The female of the common shipworm retains the young in her burrow until they have attained the larval stage. Then they are launched into the sea–each a tiny being enclosed in two protective shells, looking like any other young bivalve. If it encounters wood when it has reached the threshold of adulthood, all goes well. It puts out a slender byssus thread as an anchor, a foot develops, and the shells become modified into efficient cutting tools, for rows of sharp ridges appear on their outer surfaces. The burrowing begins. With a powerful muscle, the animal scrapes the ridged shell against the wood, revolving meanwhile so that a smooth, cylindrical burrow is cut. As the burrow is extended, usually with the grain of the wood, the body of the shipworm grows. One end remains attached to the wall near the tiny point of entrance. This bears the siphons through which contact with the sea is maintained. The penetrating end carries the small shells. Between stretches a body that is thin as a lead pencil, but may reach a length of eighteen inches. Although a timber may be infested with hundreds of larvae, the burrows of the shipworms never interfere with each other. If an animal finds itself coming close to another burrow, it invariably turns aside. As it bores, it passes the loosened fragments of wood through its digestive tract. Some of the wood is digested and converted into glucose. This ability to digest cellulose is rare in the animal world–only certain snails, certain insects, and a very few others possess it. But the shipworm makes little use of this difficult art, and feeds chiefly on the rich plankton streaming through its body.

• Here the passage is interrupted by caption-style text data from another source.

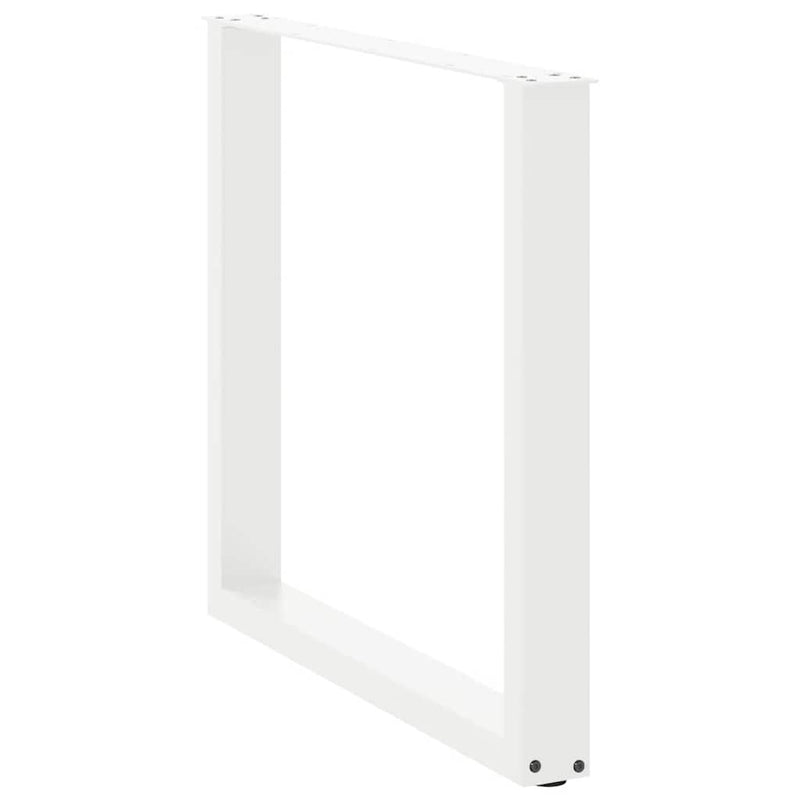 vidaXL 3 db U alakú étkezőasztal láb fehér 80 x (72-73) cm acél étkezőasztal láb
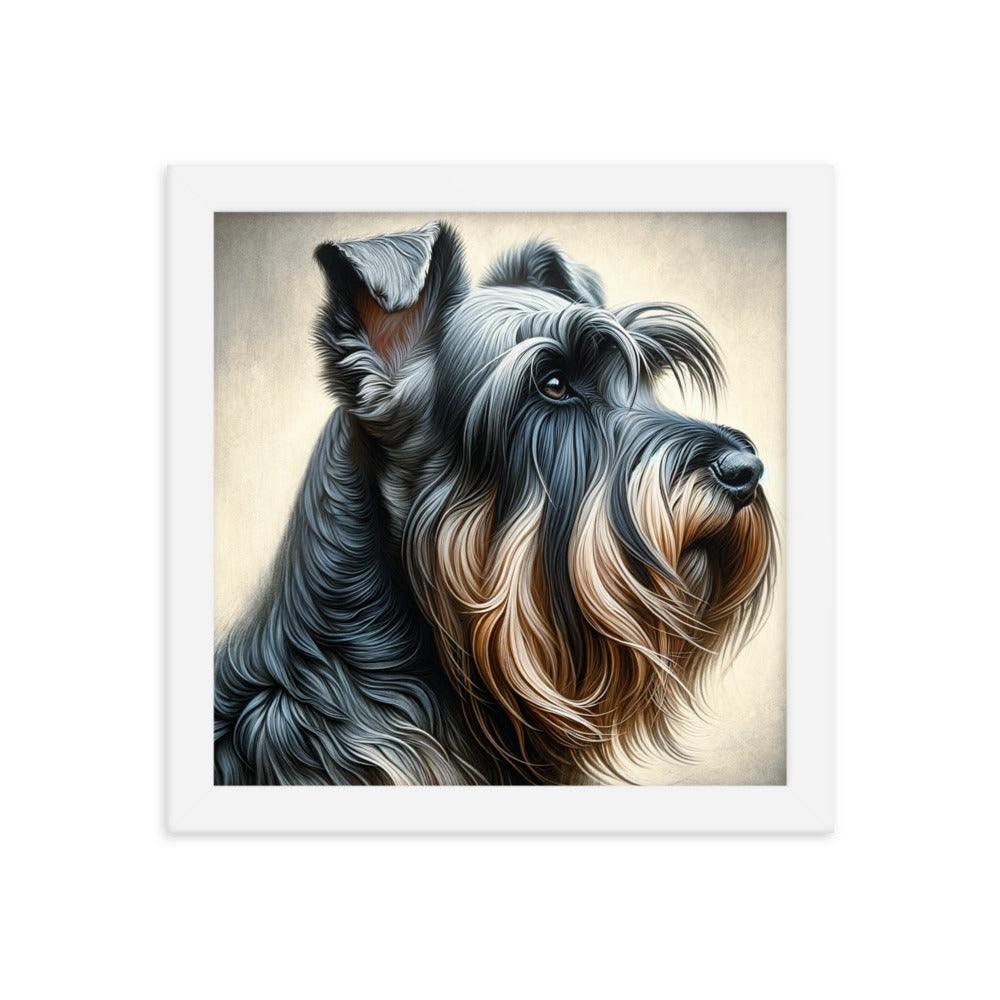 Cesky Terrier Realistic Portrait and Subtle Brushed Background Framed Poster - Oh Posters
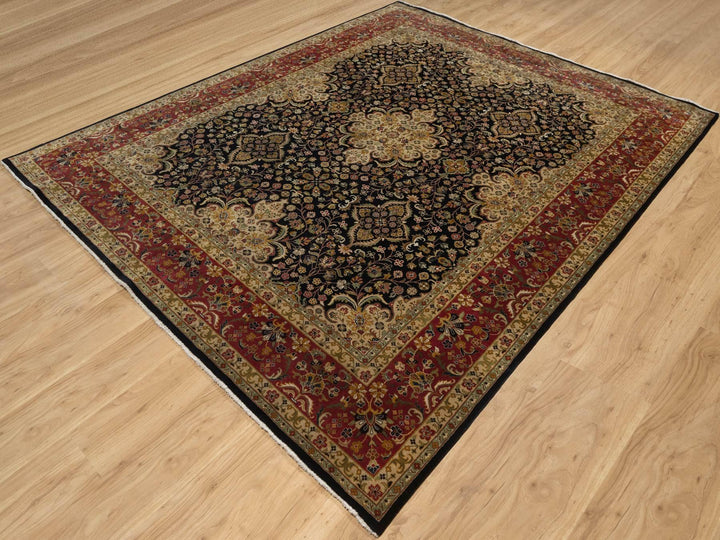 7'11" x 9'10" New Hand Knotted Black Wool Rectangle Oriental Rug - MOA10291434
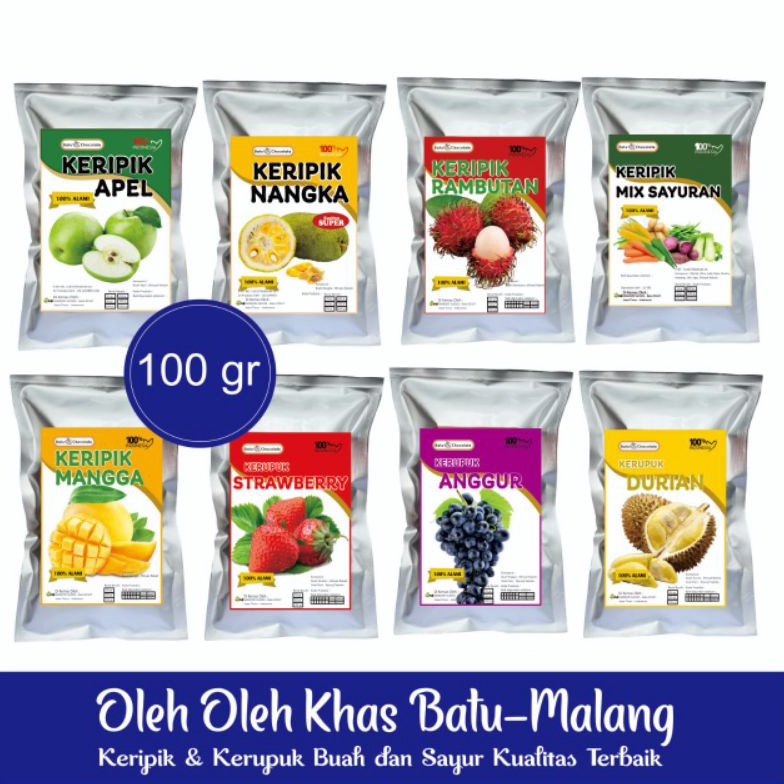 

[✬O69➢] Keripik Buah Apel Nangka Dan Keripik Sayur ( Berat Isi : 100 gr ) Oleh Oleh Khas Malang New Product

Other timbers on the beach bear the marks of the wood piddock. These are shallow holes that penetrate only the outer portions just beneath the bark, but they are broad and cleanly cylindrical. The boring piddock is seeking only shelter and protection. Unlike the shipworm, it does not digest the wood, but lives only on the plankton that it draws into its body through a protruding siphon.
Empty piddock holes sometimes attract other lodgers, as abandoned birds’ nests may become homes for insects. On the muddy banks of salt creeks at Bears Bluff in South Carolina, I have picked up timbers riddled with holes. Once stout little white‑shelled piddocks dwelt in them. The piddocks were long since dead and even the shells were gone, but in each hole was a dark glistening body like a raisin embedded in a cake. They were the contracted tissues of small anemones, finding there, in this world of silt‑laden water and yielding mud, that bit of firm foundation which anemones must have. Seeing anemones in such an improbable place, one wonders how the larvae happened to be there, ready to seize the chance opportunity presented by that timber with its neatly excavated apartments; and one is struck anew by the enormous waste of life, remembering that for each of these anemones that succeeded in finding a home, many thousands must have failed.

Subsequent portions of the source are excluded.